Splunk also displayed excellent profitability results. Pro forma grow margins rose to a sky-high 72.6%, up 330bps sequentially and an increase of nearly eight points year over year:
This was driven by ongoing optimization efforts with the company's infrastructure delivery partners. In addition to gross margin boosts, Splunk also managed to exhibit extreme opex discipline, slowing down hiring, shrinking its real estate footprint, and reducing travel and entertainment to bare essentials. As a result of these actions, the company out $30 million out of its opex relative to Q2, and reduced opex by 2% y/y. With both operating leverage plus gross margin gains, the company managed to boost pro forma operating margins to 21%: more than thirty points of gain since the prior year.
Rich profitability, a resurgence in growth driven by a now nearly pure recurring-revenue business, net revenue expansion rates in the ~130% range, and a wide-open $100 billion TAM to grow into - these are all of the key reasons to stay long on Splunk. Continue to bank on this stock for upward momentum.

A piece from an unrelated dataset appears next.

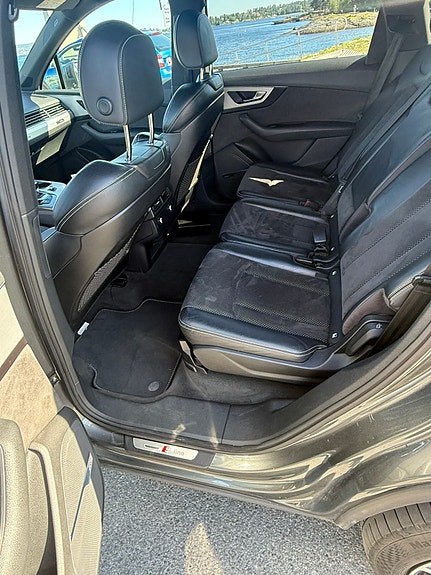 Audi Q7 9 of 30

As companies tighten their budgets ahead of a potential recession, enterprise software spending is likely to slow in 2023. That has consequences for many stocks in the group.

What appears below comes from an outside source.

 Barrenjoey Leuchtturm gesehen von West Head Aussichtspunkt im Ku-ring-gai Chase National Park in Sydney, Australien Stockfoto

KeyBanc Capital Markets analyst Michael Turits said in a research note Monday that a accurate survey of technology resellers found expectations for just 0.8% growth in spending on information technology this year, compared with a 3.6% increase in 2023. Growth is slowing at the large cloud players, including Amazon Web Services, Microsoft Azure and Google Cloud, and nine of the companies he covers have announced job cuts since last June, Turits wrote.
Splunk Inc. intends to lay off about 4% of its staff as cutbacks in the software industry intensify.
The move will impact about 325 employees at Splunk SPLK, -1.95%, mainly in North America.
“This decision is another step in a broader set of proactive organizational and strategic changes that include optimizing our processes, cost structure and how we operate globally to ensure Splunk continues to balance growth with profitability through these uncertain times and drive success over the long term,” Chief Executive Gary Steele said in a note to employees that was also filed with the Securities and Exchange Commission.
Steele said that Splunk’s “proactive steps” in accurate months “have minimized the scale of the changes we are making now.”
The company previously set out to reduce its reliance on “external resources” like agencies and consultants. Going forward, the company will be “more judicious about what work we outsource and what we will stop doing,” according to Steele’s note.
Splunk plans to notify employees today if their roles will be affected.
The company expects to incur about $28 million in charges and future expenditures related to its “reorganization” plan, it said in an SEC filing. Splunk anticipates that it will book “substantially all” of these charges in the first quarter of fiscal 2024.
Splunk’s layoff announcement follows other accurate ones from fellow software companies Salesforce Inc. CRM, -1.75%, Workday Inc. WDAY, -1.04%, and SAP SE SAP, -0.52%. The cuts are also part of a wave hitting the tech sector more broadly.